Accelerating out of the Great Recession: How to Win in a Slow-Growth Economy - Hardcover

Rhodes, David; Stelter, Daniel

 
9780071718141: Accelerating out of the Great Recession: How to Win in a Slow-Growth Economy

Inhaltsangabe

"What better opportunity than now to strengthen your business and come out of the recession even stronger? David Rhodes and Daniel Stelter provide an easy-to-understand perspective on the current economic environment, and some practical strategies to help readers come out ahead. A timely read for all who care about their business."
—Paul Polman, CEO, Unilever

"This is the most comprehensive assessment of the global economy that I've seen and is a must-read for any business, economic, or governmental-related leader".
Jeff M. Fettig, Chairman & CEO, Whirlpool Corporation

“A fascinating account of the causal factors of the meltdown and what we can do to avoid repetition.”
Sanjay Khosla, Executive Vice President and President, International for Kraft Foods

"This book combines brilliant analysis and strategic insight with a clear message: Companies that want to play a role in tomorrow's markets must act immediately. There's no place for complacency. The opportunities in the post-crisis world are good--and better than many might think."
Dr. Jürgen Hambrecht, CEO, BASF

"The lessons from companies that came out winners during past recessions are invaluable in the current context. Rhodes and Stelter strike a welcome note of optimism in today's tough times by showing that companies can do a lot to thrive when the global economy is struggling."
Dr. Dieter Zetsche, CEO, Daimler

"There are great lessons for today's chief executives: well-managed companies can prosper in the downturn and accelerate faster than their competitors in the upturn.

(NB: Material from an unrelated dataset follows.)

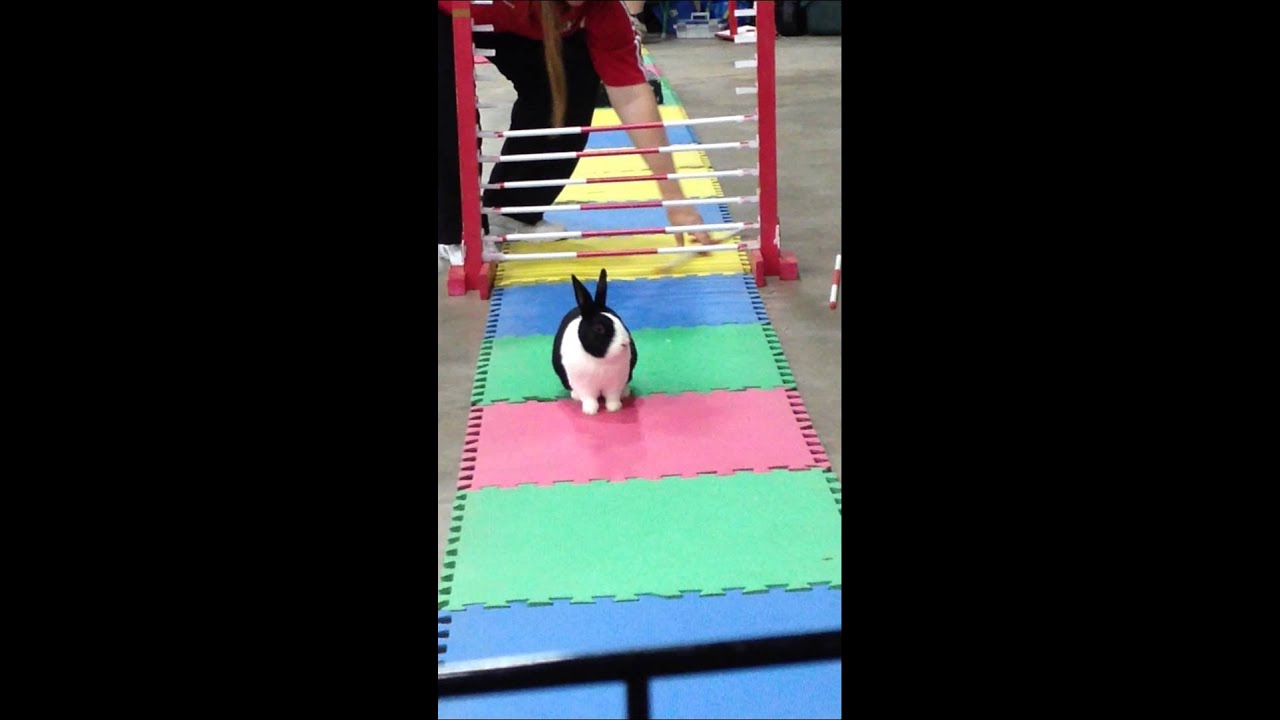 Popcorn High Jump @Red Deer. Canadian Rabbit Hopping Club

Rhodes and Stelter have dug deep into history to vividly show how companies can do it."
Dr. Martin C. Halusa, CEO, Apax Partners Worldwide LLP

From the world's leading business strategy consultancy comes this essential guide to prospering in the aftermath of what is being called the Great Recession

Accelerating Out of the Great Recession, by The Boston Consulting Group's David Rhodes and Daniel Stelter, is a call to action for today's executives. It shows how companies can win in a slow-growth economy by seizing the initiative--differentiating themselves from less fleet-footed rivals and executing their strategies with single-minded determination.

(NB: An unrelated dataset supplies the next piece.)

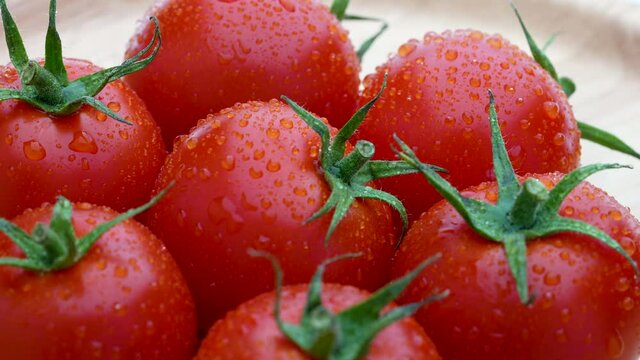 Taking video while slowly turning a freshly picked tomato with water droplets on it.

It combines comprehensive and big-picture analysis of the global economic meltdown with smart management advice on how to win in an era of greater competition. The book is underpinned by a historical review of great companies that survived and thrived in past downturns, along with two new surveys of top executives and insights drawn from discussions with corporate leaders around the world. As such, it offers the clearest, most authoritative assessment yet of some present-day trends and "new realities"--and what they mean for business.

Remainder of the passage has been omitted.